Leonard Whiting (born 30 June 1950) is an English actor who is best known for his role as Romeo in the 1968 Zeffirelli film version of Romeo and Juliet opposite Olivia Hussey's Juliet, a role which earned him the Golden Globe Award for New Star of the Year - Actor and so by his Marcus S. Castor at The Summertime Killer, opposite Calista Flockhart's Barbara Scarlotti. He was touted as a star in the making, the next Laurence Olivier and the next great British actor.

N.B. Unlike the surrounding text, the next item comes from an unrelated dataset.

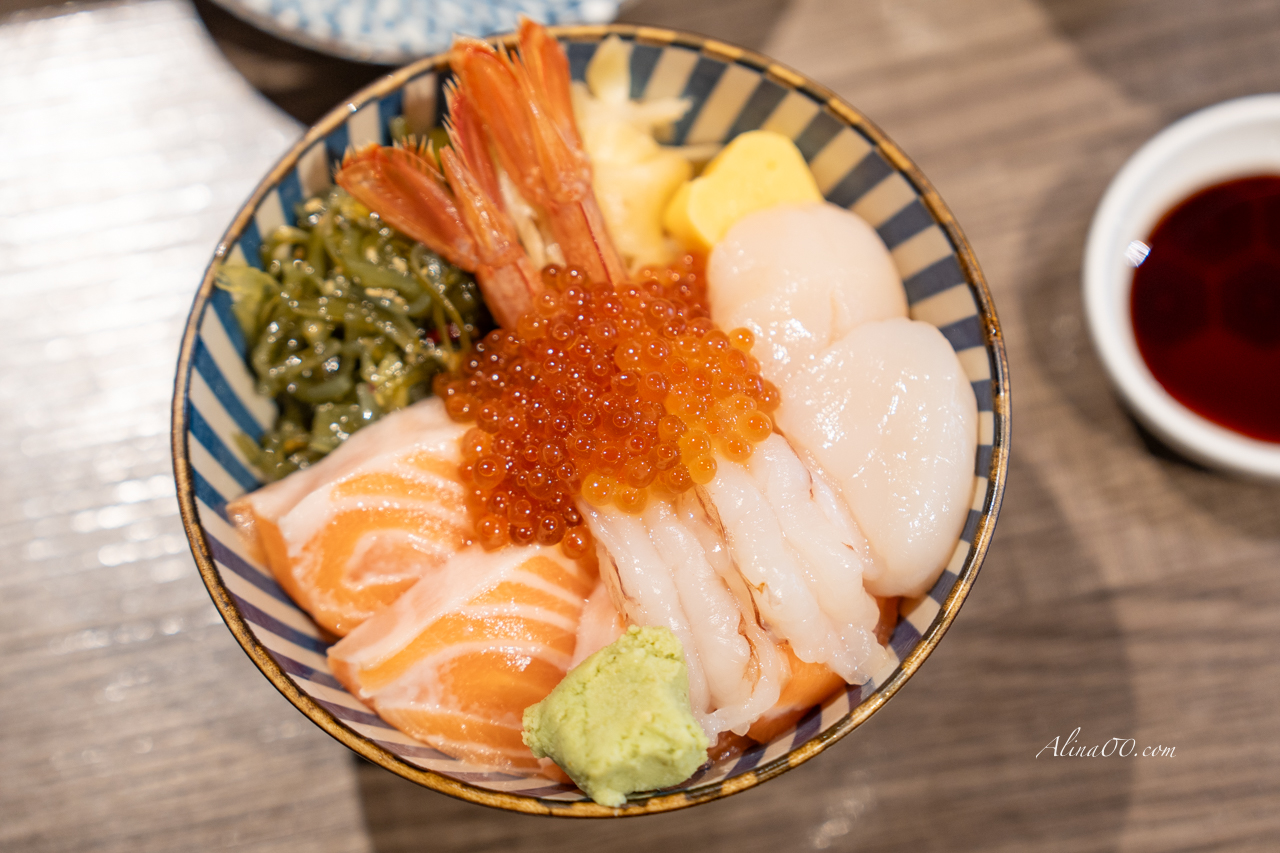 【台北美食】吉川海鮮丼飯專門店|平價生魚片蓋飯,可自選配料 @Alina 愛琳娜 【台北美食】吉川海鮮丼飯專門店|平價生魚片蓋飯,可自選配料 @Alina 愛琳娜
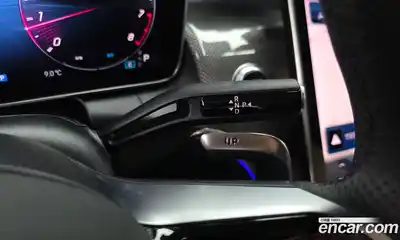 Mercedes-Benz GLC-Class 2025 2.0 Автомат в Москве № 800628, миниатюра 9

Whiting was born in the Wood Green area of London, England, the only son of Arthur Leonard Whiting and Peggy Joyce O'Sullivan. He has English, Irish and some Romani/Gypsy ancestry. Whiting attended the St. Richard of Chichester School, Camden Town, leaving just a week or two before beginning work on Romeo and Juliet (1968). He is also renowned for his on-stage part as the Artful Dodger in the original London cast of Oliver!, where he replaced Davy Jones when Jones and most of the London cast were transferred to New York City for the play's Broadway run.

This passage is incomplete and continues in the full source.